Wintertime; it’s a time of rest and slumber for most landscape plants. But even though your trees may be bare and your grass may be brown, they still need water. Even through the most ferocious, bitter-cold winters, plants need water.
So even though your landscape watering system may be (and should be!) shut down for the winter, don’t put thoughts of watering completely out of your mind. If you wait until green starts showing again before you give a thought to watering – you might not see as much green as you’re expecting come springtime.
Moist Soil Helps Protect Vulnerable Roots
Even though most plants are dormant during winter, that doesn’t mean that they are completely inactive. Roots remain active, and may even grow some during the winter. And that’s why roots are susceptible to damage from severe plunges of temperature.
When dry soil freezes, water can be pulled from tender roots. It’s a problem known as desiccation, and it’s a primary cause of winter-kill. So it’s best not to let the soil in your landscape become too dried out during winter.
Keep an eye on the weather forecast. If a severe cold front is approaching, you can help your plants weather the weather better by assuring that the ground is moist prior to the arrival of the front. Best-case scenario is to water your landscape a day or two ahead of the temperature drop. But be sure to water only during daylight hours, and only when the temperature is well above freezing.
Some Plants Need Extra Attention
Plants that are growing in raised beds will be more susceptible to becoming too dry, so you’ll want to check the moisture level in the soil around these plants a little more frequently.
And broadleaf evergreens such as hollies and live oaks will need water more often than dormant plants. A thorough watering once per month is a good rule-of-thumb for broadleaf evergreens.

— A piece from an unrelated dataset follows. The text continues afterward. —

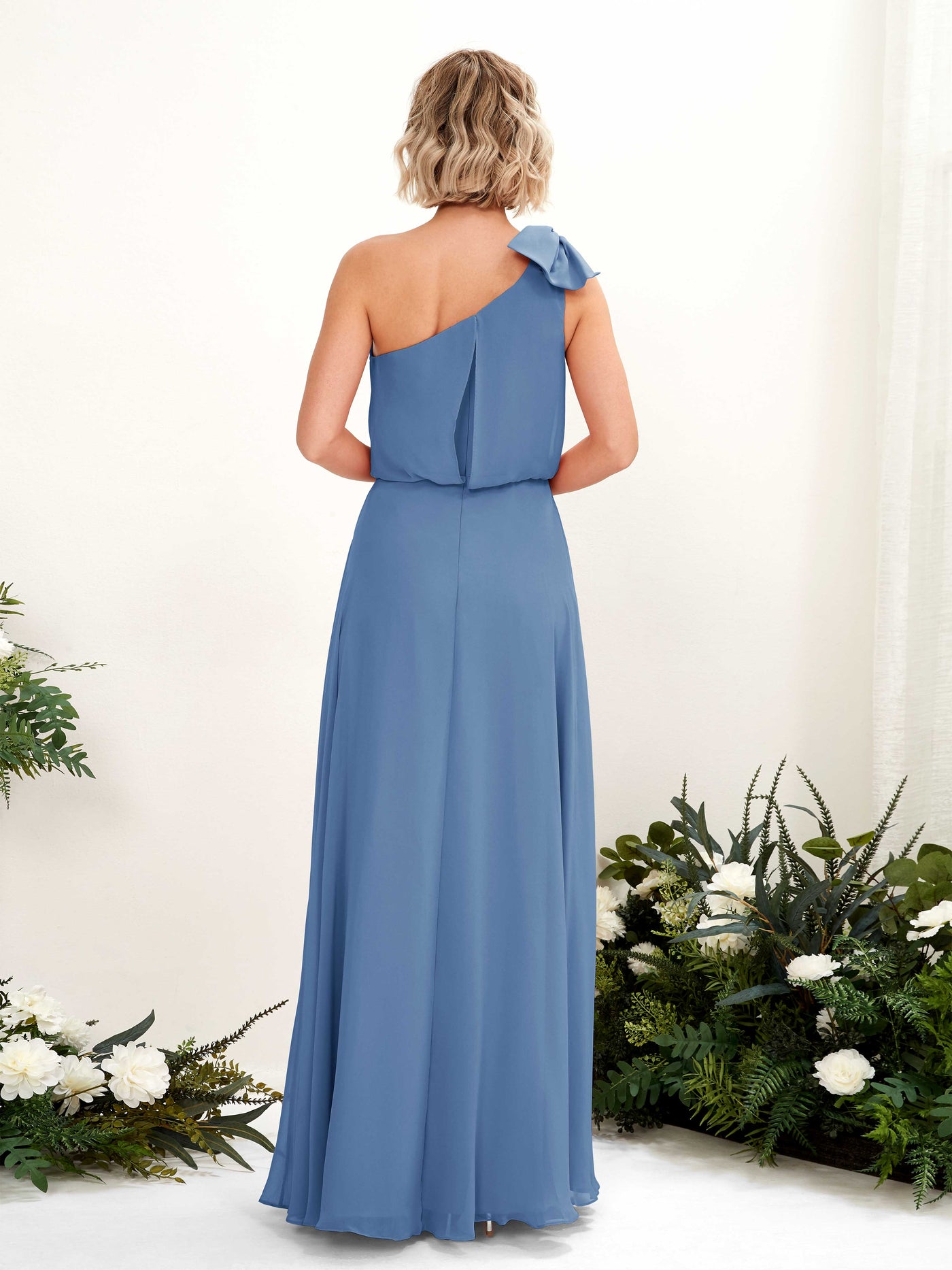 Carlyna Vestido línea A un hombre hasta el suelo dama de honor Azul polvoriento #color_azul-polvoriento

Remember, too, that plants sheltered from precipitation need extra attention from you to make sure they don’t become too dry. Plants protected by eaves, for example, or potted plants sheltered on a porch will need more frequent watering.
Don’t Go Overboard…
Soil that is too wet can also be damaging to your landscape plants during winter. Soil that stays wet and cold for a long period can promote the rotting of roots. Keeping soils too wet can also promote an invasion of wintertime weeds.
At the most, your landscape soil will need watering only roughly once per month during winter – and that’s only during a prolonged deficiency of natural precipitation.
In general, you want to supply your landscape with enough water to keep the top 6 inches of your soil moist, not wet. Do that, and you’ll help to avoid occurrences of winter-kill. And you’ll have happier, healthier plants going into the next growing season.